Work order - Extract the lines from the first line of the records below through the line containing "L' Infinito Dei", inclusive, and reproduce them exactly as written.

═════ Input records

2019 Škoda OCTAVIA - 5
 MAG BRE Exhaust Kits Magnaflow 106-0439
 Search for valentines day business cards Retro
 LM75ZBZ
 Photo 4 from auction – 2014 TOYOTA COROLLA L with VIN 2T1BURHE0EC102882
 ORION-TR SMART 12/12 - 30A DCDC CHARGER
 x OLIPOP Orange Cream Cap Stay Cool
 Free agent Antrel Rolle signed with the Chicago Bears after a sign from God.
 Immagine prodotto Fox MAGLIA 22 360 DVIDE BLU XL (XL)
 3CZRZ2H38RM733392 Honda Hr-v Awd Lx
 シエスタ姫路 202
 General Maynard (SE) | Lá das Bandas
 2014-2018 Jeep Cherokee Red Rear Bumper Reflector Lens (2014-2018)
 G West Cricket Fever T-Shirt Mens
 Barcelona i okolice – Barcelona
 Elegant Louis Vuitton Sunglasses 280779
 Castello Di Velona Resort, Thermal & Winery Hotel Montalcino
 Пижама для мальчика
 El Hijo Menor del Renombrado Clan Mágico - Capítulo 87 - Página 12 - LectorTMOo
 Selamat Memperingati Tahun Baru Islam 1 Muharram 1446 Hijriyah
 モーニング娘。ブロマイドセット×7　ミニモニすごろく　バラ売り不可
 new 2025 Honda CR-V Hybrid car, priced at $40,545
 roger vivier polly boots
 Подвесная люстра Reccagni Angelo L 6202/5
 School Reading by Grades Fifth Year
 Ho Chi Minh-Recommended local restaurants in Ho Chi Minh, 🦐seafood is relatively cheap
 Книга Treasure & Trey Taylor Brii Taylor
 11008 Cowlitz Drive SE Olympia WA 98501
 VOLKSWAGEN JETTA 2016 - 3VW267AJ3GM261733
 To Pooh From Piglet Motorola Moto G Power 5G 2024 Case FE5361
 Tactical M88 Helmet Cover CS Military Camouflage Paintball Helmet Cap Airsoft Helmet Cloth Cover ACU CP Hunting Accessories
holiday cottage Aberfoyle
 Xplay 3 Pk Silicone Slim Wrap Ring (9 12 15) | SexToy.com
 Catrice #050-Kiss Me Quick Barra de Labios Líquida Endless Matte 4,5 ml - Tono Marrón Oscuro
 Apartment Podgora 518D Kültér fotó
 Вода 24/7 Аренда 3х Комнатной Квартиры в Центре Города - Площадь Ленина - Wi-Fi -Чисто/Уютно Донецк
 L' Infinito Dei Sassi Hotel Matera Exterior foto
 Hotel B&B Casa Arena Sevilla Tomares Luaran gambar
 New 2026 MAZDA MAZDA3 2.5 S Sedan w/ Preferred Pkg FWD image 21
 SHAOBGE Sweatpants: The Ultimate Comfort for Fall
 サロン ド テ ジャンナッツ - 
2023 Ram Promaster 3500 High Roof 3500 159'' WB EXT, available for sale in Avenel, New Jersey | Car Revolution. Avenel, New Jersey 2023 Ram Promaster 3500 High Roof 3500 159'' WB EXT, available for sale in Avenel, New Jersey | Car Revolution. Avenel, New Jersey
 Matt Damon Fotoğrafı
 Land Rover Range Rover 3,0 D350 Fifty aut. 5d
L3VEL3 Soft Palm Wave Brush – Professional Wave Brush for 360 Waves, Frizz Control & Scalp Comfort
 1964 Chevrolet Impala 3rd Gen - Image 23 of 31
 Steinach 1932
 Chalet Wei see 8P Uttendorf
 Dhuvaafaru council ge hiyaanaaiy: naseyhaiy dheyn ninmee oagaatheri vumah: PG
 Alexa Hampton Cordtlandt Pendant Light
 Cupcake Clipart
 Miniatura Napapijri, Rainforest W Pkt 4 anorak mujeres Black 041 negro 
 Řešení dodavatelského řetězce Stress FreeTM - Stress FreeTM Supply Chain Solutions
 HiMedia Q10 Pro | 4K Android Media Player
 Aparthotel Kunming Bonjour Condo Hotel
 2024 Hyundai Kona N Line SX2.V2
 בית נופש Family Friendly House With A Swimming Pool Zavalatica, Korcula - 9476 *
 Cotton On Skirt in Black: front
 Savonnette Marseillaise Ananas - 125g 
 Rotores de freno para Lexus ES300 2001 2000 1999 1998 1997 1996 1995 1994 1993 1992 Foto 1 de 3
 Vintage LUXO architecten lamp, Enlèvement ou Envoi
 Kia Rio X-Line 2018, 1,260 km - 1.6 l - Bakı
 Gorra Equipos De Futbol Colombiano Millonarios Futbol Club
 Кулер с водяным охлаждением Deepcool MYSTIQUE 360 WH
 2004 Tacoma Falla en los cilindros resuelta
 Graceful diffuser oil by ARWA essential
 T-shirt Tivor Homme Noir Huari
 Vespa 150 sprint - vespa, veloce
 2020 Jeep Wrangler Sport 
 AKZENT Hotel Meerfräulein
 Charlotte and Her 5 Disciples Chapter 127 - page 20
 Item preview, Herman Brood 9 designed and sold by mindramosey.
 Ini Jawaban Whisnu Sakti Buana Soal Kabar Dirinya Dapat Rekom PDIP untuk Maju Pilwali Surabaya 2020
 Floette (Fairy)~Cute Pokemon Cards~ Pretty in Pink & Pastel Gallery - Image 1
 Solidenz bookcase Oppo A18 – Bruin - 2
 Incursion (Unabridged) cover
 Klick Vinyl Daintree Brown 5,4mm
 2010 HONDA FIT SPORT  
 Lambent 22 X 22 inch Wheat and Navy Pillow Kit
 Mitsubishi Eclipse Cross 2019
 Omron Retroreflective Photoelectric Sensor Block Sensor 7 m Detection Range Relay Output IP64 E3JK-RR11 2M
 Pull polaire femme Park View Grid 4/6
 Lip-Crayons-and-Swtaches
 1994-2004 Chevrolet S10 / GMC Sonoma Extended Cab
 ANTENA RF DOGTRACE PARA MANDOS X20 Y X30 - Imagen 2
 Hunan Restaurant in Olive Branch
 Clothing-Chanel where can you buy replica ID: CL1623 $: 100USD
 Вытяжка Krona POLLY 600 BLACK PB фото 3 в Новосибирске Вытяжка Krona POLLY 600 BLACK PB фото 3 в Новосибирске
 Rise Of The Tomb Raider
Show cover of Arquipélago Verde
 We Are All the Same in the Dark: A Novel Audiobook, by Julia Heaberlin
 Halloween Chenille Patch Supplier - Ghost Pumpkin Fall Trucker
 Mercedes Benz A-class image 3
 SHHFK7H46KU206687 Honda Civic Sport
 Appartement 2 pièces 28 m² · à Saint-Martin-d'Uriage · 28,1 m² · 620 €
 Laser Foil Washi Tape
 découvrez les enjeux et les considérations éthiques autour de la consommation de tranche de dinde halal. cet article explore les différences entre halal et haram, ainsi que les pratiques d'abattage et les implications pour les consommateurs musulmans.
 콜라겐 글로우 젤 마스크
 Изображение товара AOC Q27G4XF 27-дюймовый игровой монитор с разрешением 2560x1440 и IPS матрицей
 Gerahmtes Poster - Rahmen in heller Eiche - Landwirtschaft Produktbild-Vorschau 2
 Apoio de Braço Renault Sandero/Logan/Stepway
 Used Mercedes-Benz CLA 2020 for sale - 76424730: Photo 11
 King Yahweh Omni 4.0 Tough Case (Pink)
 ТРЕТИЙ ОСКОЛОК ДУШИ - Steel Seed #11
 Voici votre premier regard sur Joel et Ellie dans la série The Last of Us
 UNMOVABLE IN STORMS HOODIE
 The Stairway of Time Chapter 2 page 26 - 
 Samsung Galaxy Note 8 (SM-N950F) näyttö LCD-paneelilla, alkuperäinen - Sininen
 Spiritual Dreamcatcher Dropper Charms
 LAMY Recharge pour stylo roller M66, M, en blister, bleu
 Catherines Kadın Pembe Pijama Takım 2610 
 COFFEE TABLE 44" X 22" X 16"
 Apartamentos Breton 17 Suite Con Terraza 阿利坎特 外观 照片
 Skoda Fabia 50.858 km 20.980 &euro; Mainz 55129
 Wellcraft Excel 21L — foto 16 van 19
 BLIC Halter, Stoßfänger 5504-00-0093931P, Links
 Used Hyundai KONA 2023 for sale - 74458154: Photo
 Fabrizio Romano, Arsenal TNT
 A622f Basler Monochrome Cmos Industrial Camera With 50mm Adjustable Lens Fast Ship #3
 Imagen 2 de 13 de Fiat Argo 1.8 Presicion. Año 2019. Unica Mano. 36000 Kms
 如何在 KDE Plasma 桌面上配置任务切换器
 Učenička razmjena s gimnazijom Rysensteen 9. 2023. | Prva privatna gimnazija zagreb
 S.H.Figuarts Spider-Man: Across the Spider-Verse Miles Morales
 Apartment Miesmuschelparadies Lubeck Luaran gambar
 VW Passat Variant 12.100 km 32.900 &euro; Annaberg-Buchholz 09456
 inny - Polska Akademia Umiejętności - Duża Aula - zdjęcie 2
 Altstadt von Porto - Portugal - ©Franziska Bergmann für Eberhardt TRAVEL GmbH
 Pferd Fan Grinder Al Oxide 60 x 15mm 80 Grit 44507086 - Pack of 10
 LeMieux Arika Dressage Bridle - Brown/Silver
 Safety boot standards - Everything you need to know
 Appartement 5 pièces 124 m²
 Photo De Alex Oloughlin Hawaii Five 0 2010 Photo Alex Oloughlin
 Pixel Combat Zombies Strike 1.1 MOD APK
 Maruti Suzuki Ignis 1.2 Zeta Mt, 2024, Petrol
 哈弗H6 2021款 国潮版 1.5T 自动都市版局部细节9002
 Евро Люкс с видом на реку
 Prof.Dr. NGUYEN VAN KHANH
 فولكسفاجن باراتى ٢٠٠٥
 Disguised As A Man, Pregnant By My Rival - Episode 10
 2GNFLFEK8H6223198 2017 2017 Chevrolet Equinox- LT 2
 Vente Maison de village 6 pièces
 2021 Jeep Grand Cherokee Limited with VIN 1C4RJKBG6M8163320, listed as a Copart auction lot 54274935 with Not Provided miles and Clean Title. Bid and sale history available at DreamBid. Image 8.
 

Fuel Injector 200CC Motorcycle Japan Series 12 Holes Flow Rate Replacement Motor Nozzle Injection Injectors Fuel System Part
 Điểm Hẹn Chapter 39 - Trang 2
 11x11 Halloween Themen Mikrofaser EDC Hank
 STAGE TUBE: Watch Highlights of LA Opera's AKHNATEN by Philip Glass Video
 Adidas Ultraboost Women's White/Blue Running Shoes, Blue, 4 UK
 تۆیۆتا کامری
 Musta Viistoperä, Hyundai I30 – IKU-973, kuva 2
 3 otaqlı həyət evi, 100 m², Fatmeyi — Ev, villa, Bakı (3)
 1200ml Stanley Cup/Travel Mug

══════════

Response area -
2019 Škoda OCTAVIA - 5
 MAG BRE Exhaust Kits Magnaflow 106-0439
 Search for valentines day business cards Retro
 LM75ZBZ
 Photo 4 from auction – 2014 TOYOTA COROLLA L with VIN 2T1BURHE0EC102882
 ORION-TR SMART 12/12 - 30A DCDC CHARGER
 x OLIPOP Orange Cream Cap Stay Cool
 Free agent Antrel Rolle signed with the Chicago Bears after a sign from God.
 Immagine prodotto Fox MAGLIA 22 360 DVIDE BLU XL (XL)
 3CZRZ2H38RM733392 Honda Hr-v Awd Lx
 シエスタ姫路 202
 General Maynard (SE) | Lá das Bandas
 2014-2018 Jeep Cherokee Red Rear Bumper Reflector Lens (2014-2018)
 G West Cricket Fever T-Shirt Mens
 Barcelona i okolice – Barcelona
 Elegant Louis Vuitton Sunglasses 280779
 Castello Di Velona Resort, Thermal & Winery Hotel Montalcino
 Пижама для мальчика
 El Hijo Menor del Renombrado Clan Mágico - Capítulo 87 - Página 12 - LectorTMOo
 Selamat Memperingati Tahun Baru Islam 1 Muharram 1446 Hijriyah
 モーニング娘。ブロマイドセット×7　ミニモニすごろく　バラ売り不可
 new 2025 Honda CR-V Hybrid car, priced at $40,545
 roger vivier polly boots
 Подвесная люстра Reccagni Angelo L 6202/5
 School Reading by Grades Fifth Year
 Ho Chi Minh-Recommended local restaurants in Ho Chi Minh, 🦐seafood is relatively cheap
 Книга Treasure & Trey Taylor Brii Taylor
 11008 Cowlitz Drive SE Olympia WA 98501
 VOLKSWAGEN JETTA 2016 - 3VW267AJ3GM261733
 To Pooh From Piglet Motorola Moto G Power 5G 2024 Case FE5361
 Tactical M88 Helmet Cover CS Military Camouflage Paintball Helmet Cap Airsoft Helmet Cloth Cover ACU CP Hunting Accessories
holiday cottage Aberfoyle
 Xplay 3 Pk Silicone Slim Wrap Ring (9 12 15) | SexToy.com
 Catrice #050-Kiss Me Quick Barra de Labios Líquida Endless Matte 4,5 ml - Tono Marrón Oscuro
 Apartment Podgora 518D Kültér fotó
 Вода 24/7 Аренда 3х Комнатной Квартиры в Центре Города - Площадь Ленина - Wi-Fi -Чисто/Уютно Донецк
 L' Infinito Dei Sassi Hotel Matera Exterior foto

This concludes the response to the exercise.